Her re-emergence on the Ottawa scene happened at the same time she also started more aggressively submitting works to magazines, and is part of a whole slew of poets around town that have become far more interesting over the past year or two, including Mike Blouin, Gwendolyn Guth, Amanda Earl, Una McDonnell, Ferguson, Lea and O'Connor, so expect to see her name here and there with increasing regularity in various Canadian journals over the next few years. It simply seems a matter of time. And too, with James Moran and Jennifer Mulligan stepping down from running The TREE Reading Series last fall, it was Douglas who stepped up to the plate to take over, on January first of this year. Now its official: we have to watch for her name now.
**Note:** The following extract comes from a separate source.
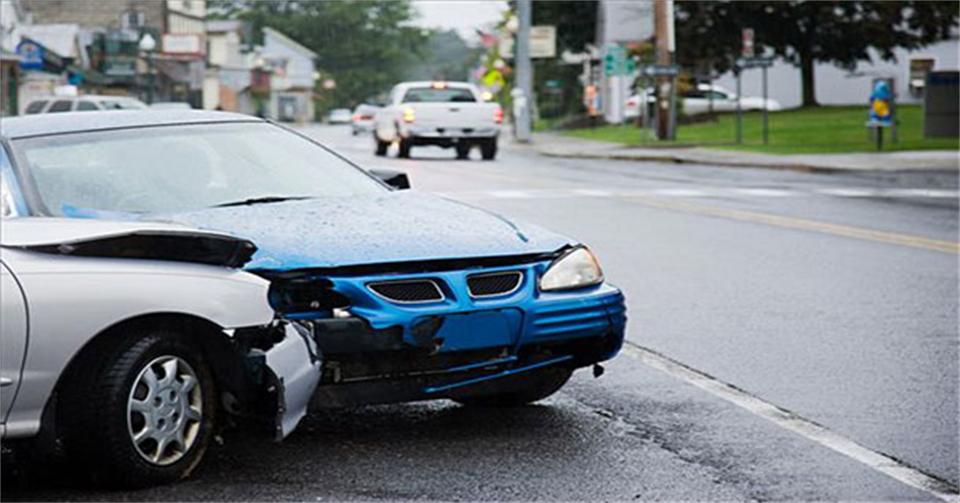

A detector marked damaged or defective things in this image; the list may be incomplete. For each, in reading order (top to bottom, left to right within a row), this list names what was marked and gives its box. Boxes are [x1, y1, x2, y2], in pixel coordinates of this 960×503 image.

damaged blue car [0, 112, 628, 412]
broken headlight housing [536, 245, 604, 292]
We wait for great things to happen.
Here is a poem of hers that appeared in the second issue of ottawater:
Cassandra and the Fifth Grade Essay
Miss? I don’t understand why
I got an ‘F’. Didn’t I have all
the right grammar: past, present,
future?
You said write a page about your family
and all I said was:
This is me and my house, my mom
and my dad and my forty-nine brothers.
My dad carries the weight of authority
and the inability to say no to women:
this will be our downfall, all of us,
these things that run in the family.
Once upon a time there was a city
and the people were happy. Mostly happy,
only sometimes sad in daily ways,
small griefs given perspective.
In the city, a family; around the family, walls.
What happened next was like a fire
made by Boy Scouts who are still learning –
many sparks, at first no hope and then
one catches and we are all
ablaze, uncontained.
That is all past tense now.
Future tense; my favourite
and the one we all fear.
Flashes of something normal: it’s just your sister-in-law Helen
in a pretty dress, the gold on her neck like the warning rays
of the sun at noon in July – go inside, protect yourselves.
I tell this to my mother, she says “no, Cassandra,
today it’s raining”, takes me firmly to the roof
of our house, makes me hold my hand out
to feel the warm wetness slide
across the centre of my palm.
I know enough not to say
it feels like tears, the temperature of blood.
She holds my hand out in the rain
as if I’m blind but I can see
and this is the problem.
Is guilt easier to handle if you can’t see it coming?
Nothing you can do, Miss? Same grade?
By the way, Miss, did you know you will die alone?